**About this exercise**
Every entry gets copied exactly. No images go into the copy.

##########

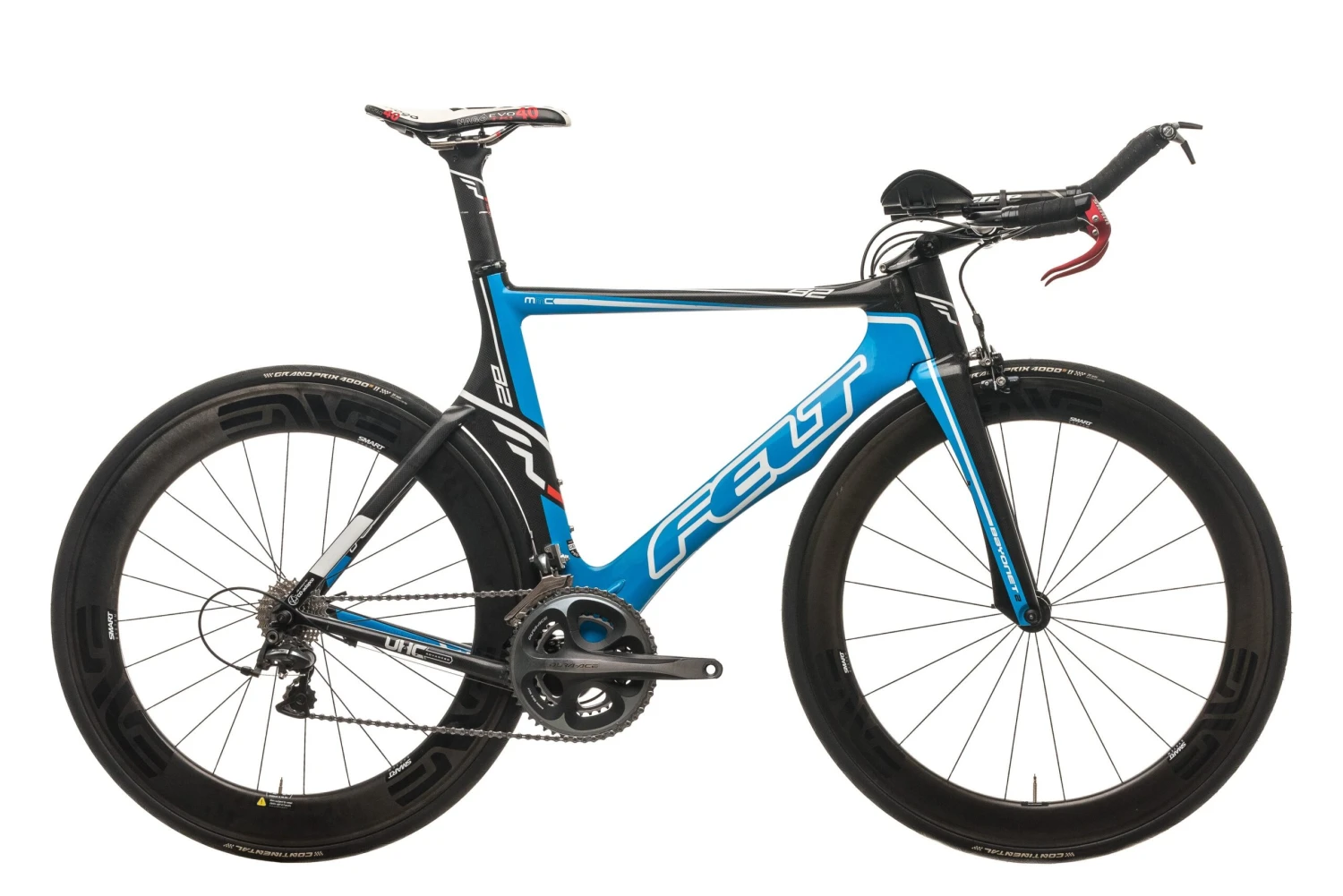 Felt B2 Triathlon Bike - 2012, 56cm 1 Felt B2 Triathlon Bike - 2012, 56cm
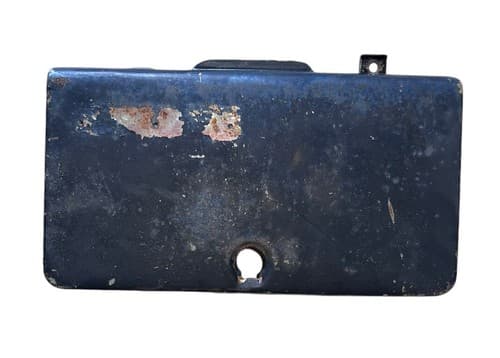 Willys Jeep Glove Box Door Station Wagon Pickup Truck Jeepster Panel Ratrod - Image 1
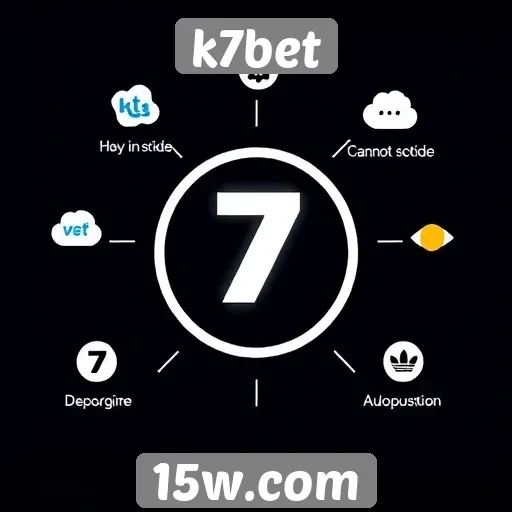 Depósitos e retiradas no k7bet: como funcionam
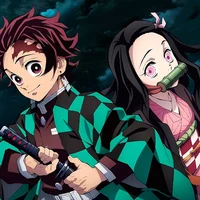 Tanjiro and Nezuko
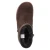 Barfuß-Stiefeletten WYNONA 12 - Chocolate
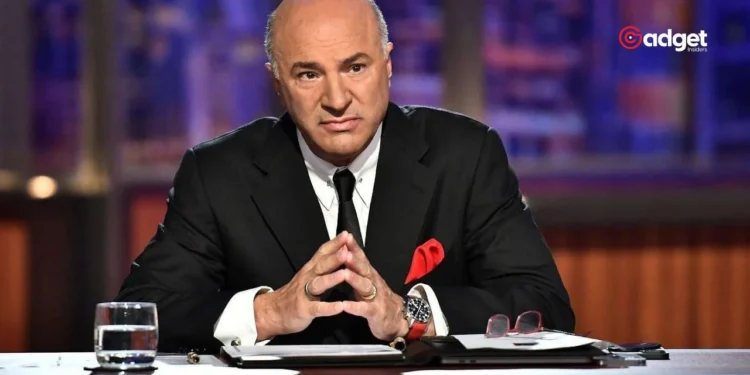 Shark Tank's Kevin O’Leary Plans to Shake Up Tech with TikTok Buyout Through Public Funding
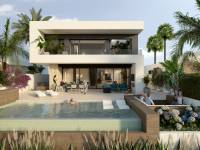 Re-sale - Villa - Quesada-Rojales
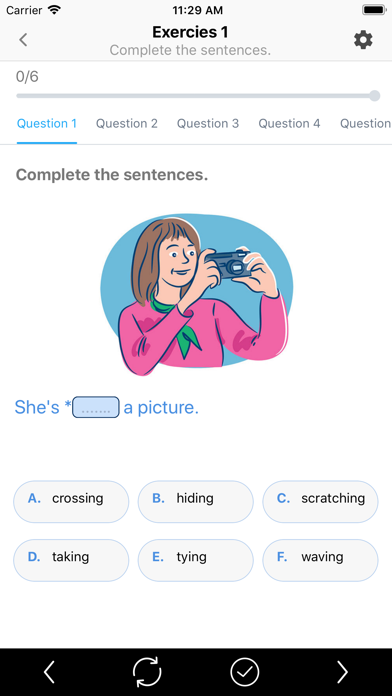 EnglishMe: Grammar In Useのおすすめ画像2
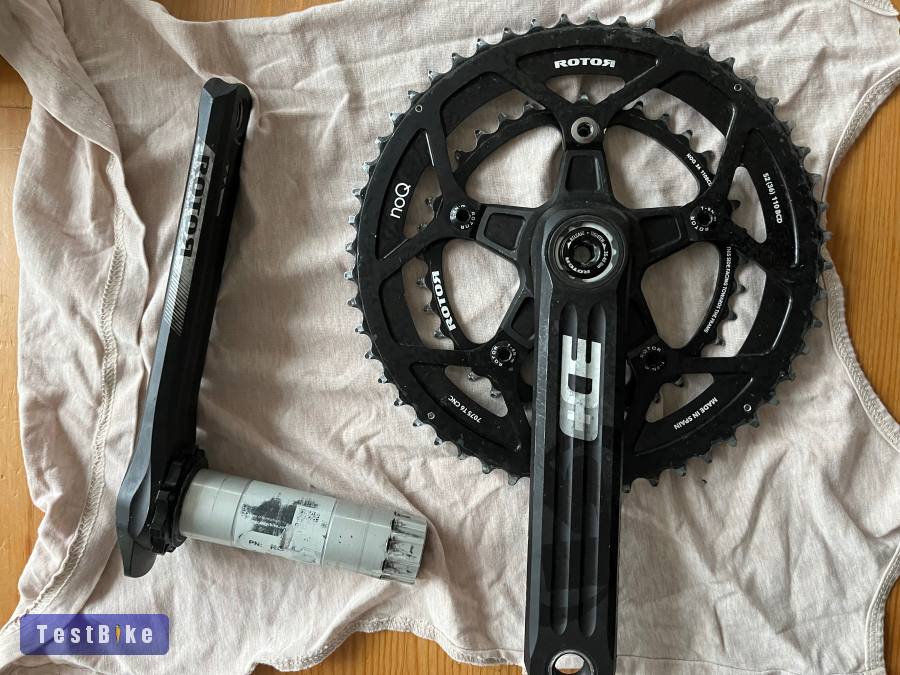 Rotor inpower 3d wattmérős hajtás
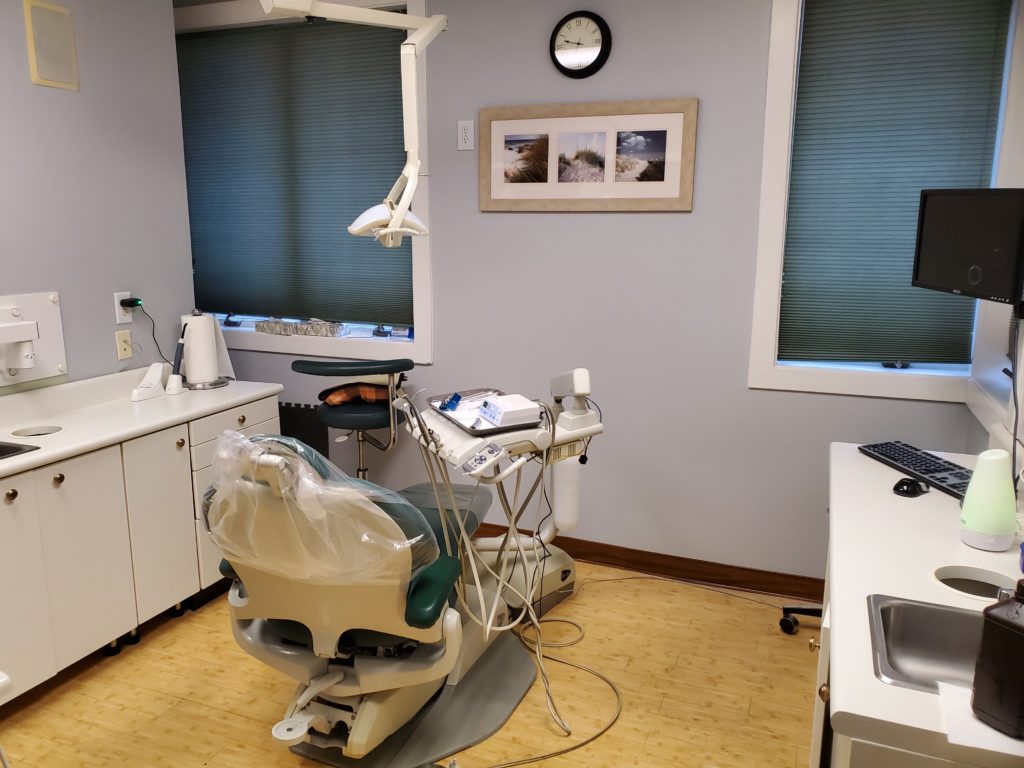 Hampton Dental Center Your local, friendly dentist.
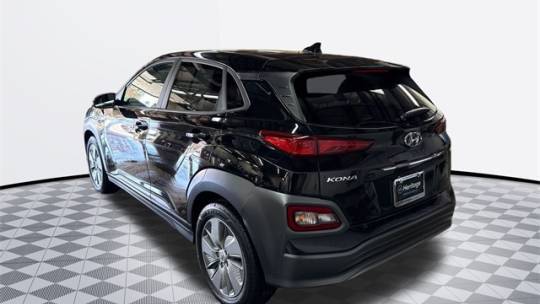 2021 Hyundai Kona Electric KM8K33AG0MU111171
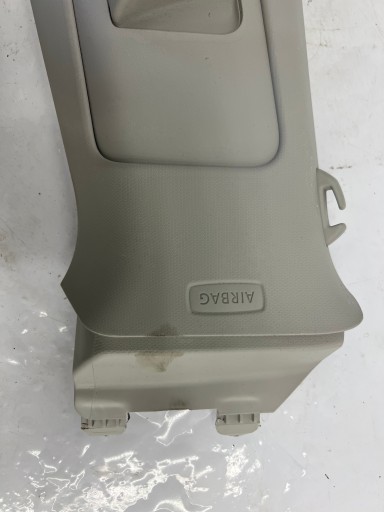 plastic cover SLUPKA left 2GM867243B VW T-CROSS
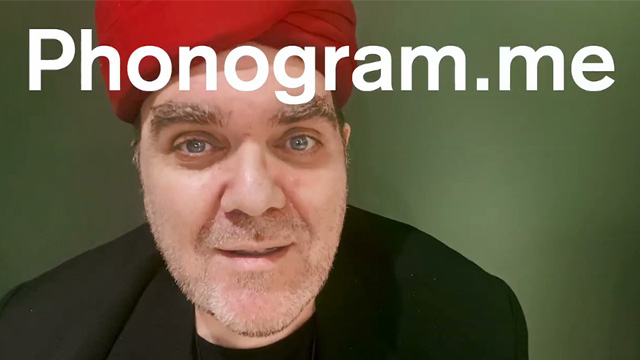 Phonogram Me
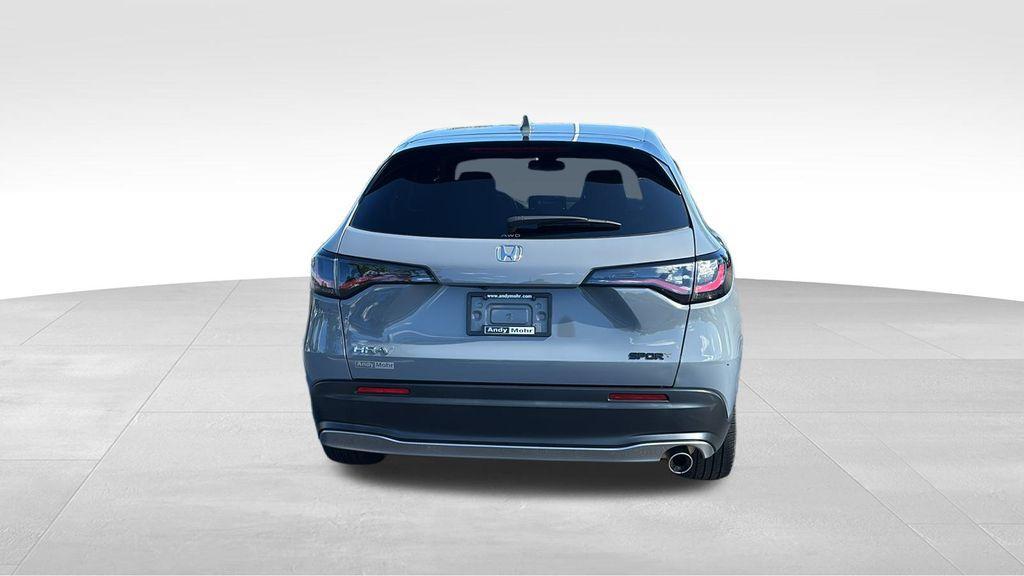 used 2023 Honda HR-V car, priced at $25,014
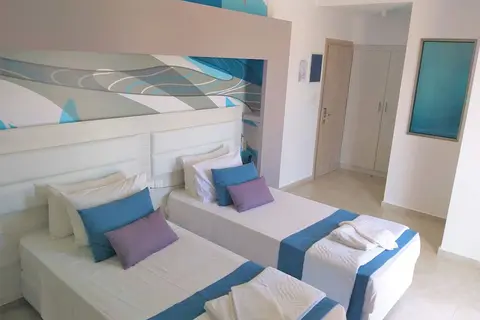 Sun Boutique Hotel in Δημοτική Ενότητα Γαζίου — foto 16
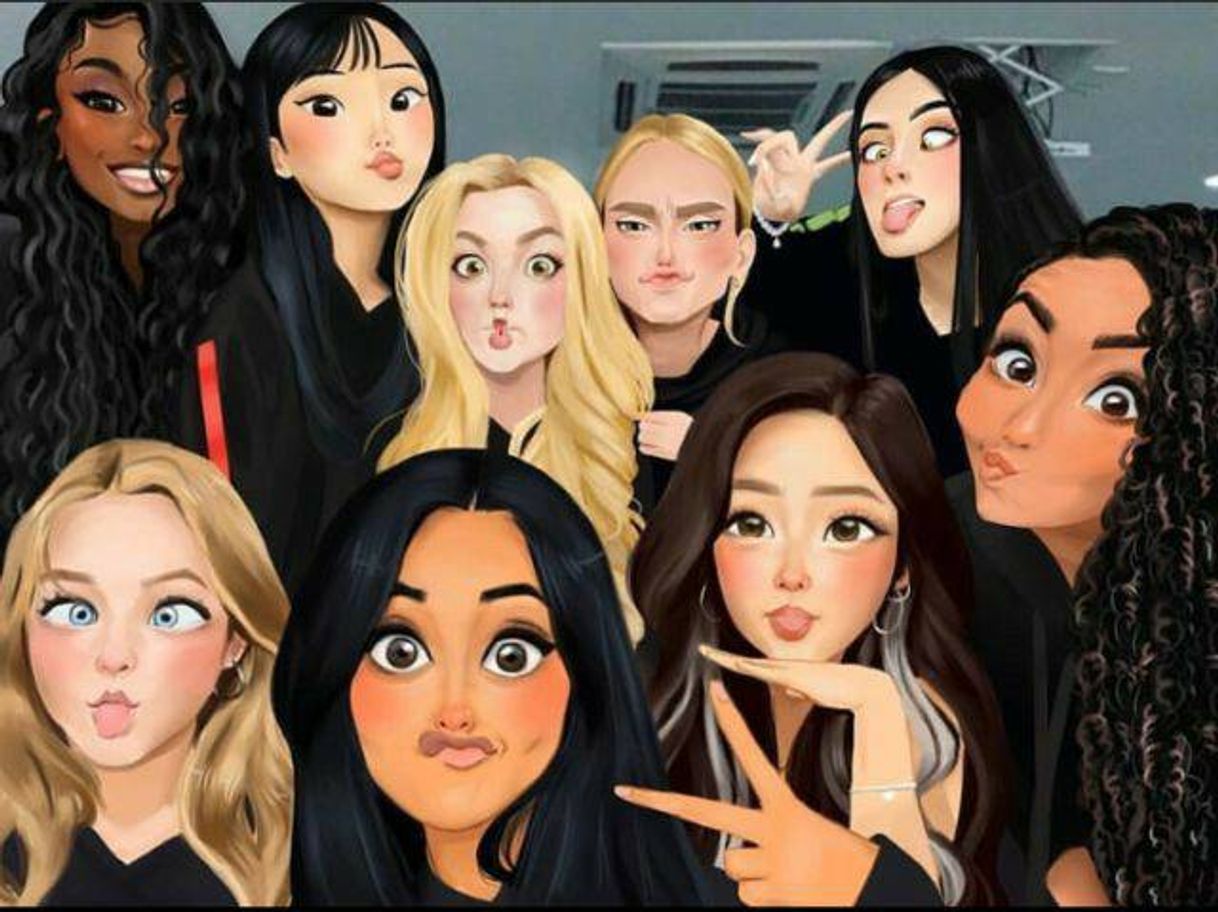 Fashion NOW UNITED ❤❤❤😍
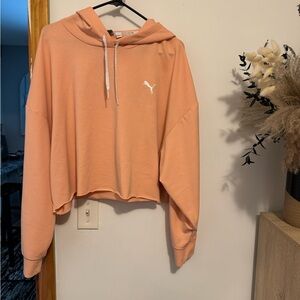 Puma Women's Coral Hoodie
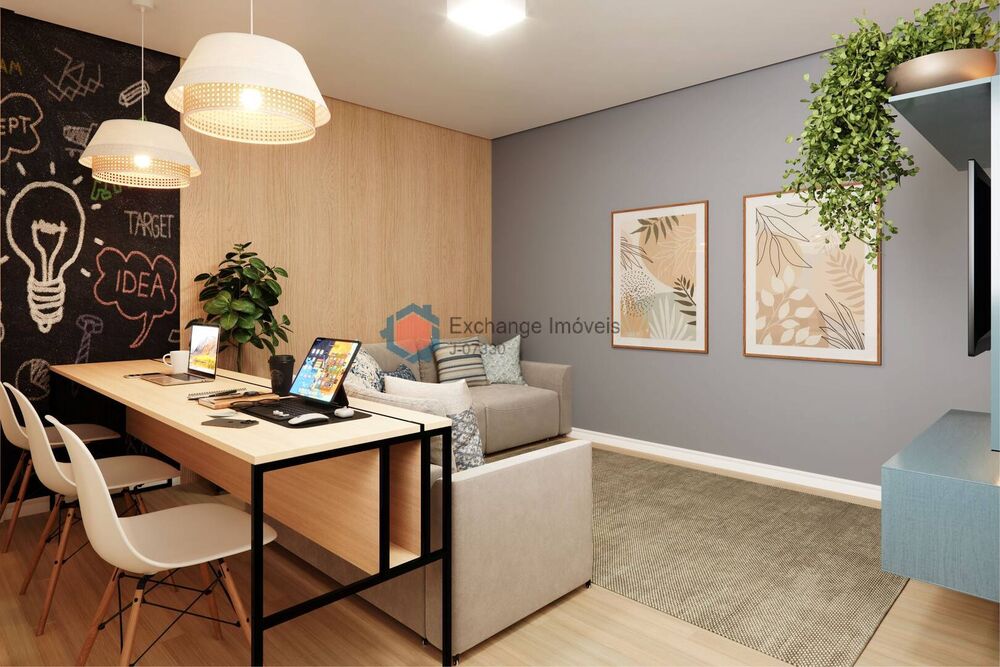 Apartamento, 2 quartos - Foto 1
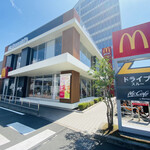 McDonalds Minamisunachoten - 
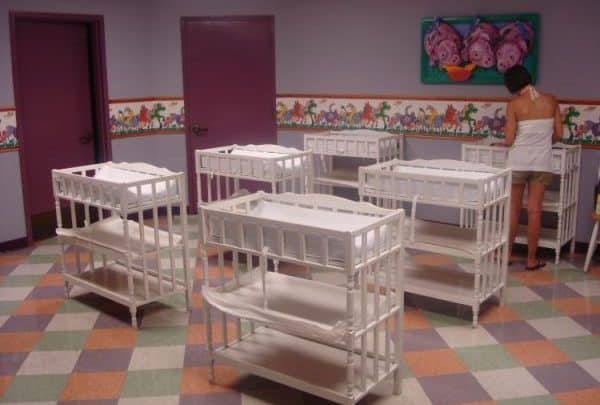 baby care center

##########

**Task output**
 Felt B2 Triathlon Bike - 2012, 56cm 1 Felt B2 Triathlon Bike - 2012, 56cm
 Willys Jeep Glove Box Door Station Wagon Pickup Truck Jeepster Panel Ratrod - Image 1
 Depósitos e retiradas no k7bet: como funcionam
 Tanjiro and Nezuko
 Barfuß-Stiefeletten WYNONA 12 - Chocolate
 Shark Tank's Kevin O’Leary Plans to Shake Up Tech with TikTok Buyout Through Public Funding
 Re-sale - Villa - Quesada-Rojales
 EnglishMe: Grammar In Useのおすすめ画像2
 Rotor inpower 3d wattmérős hajtás
 Hampton Dental Center Your local, friendly dentist.
 2021 Hyundai Kona Electric KM8K33AG0MU111171
 plastic cover SLUPKA left 2GM867243B VW T-CROSS
 Phonogram Me
 used 2023 Honda HR-V car, priced at $25,014
 Sun Boutique Hotel in Δημοτική Ενότητα Γαζίου — foto 16
 Fashion NOW UNITED ❤❤❤😍
 Puma Women's Coral Hoodie
 Apartamento, 2 quartos - Foto 1
 McDonalds Minamisunachoten - 
 baby care center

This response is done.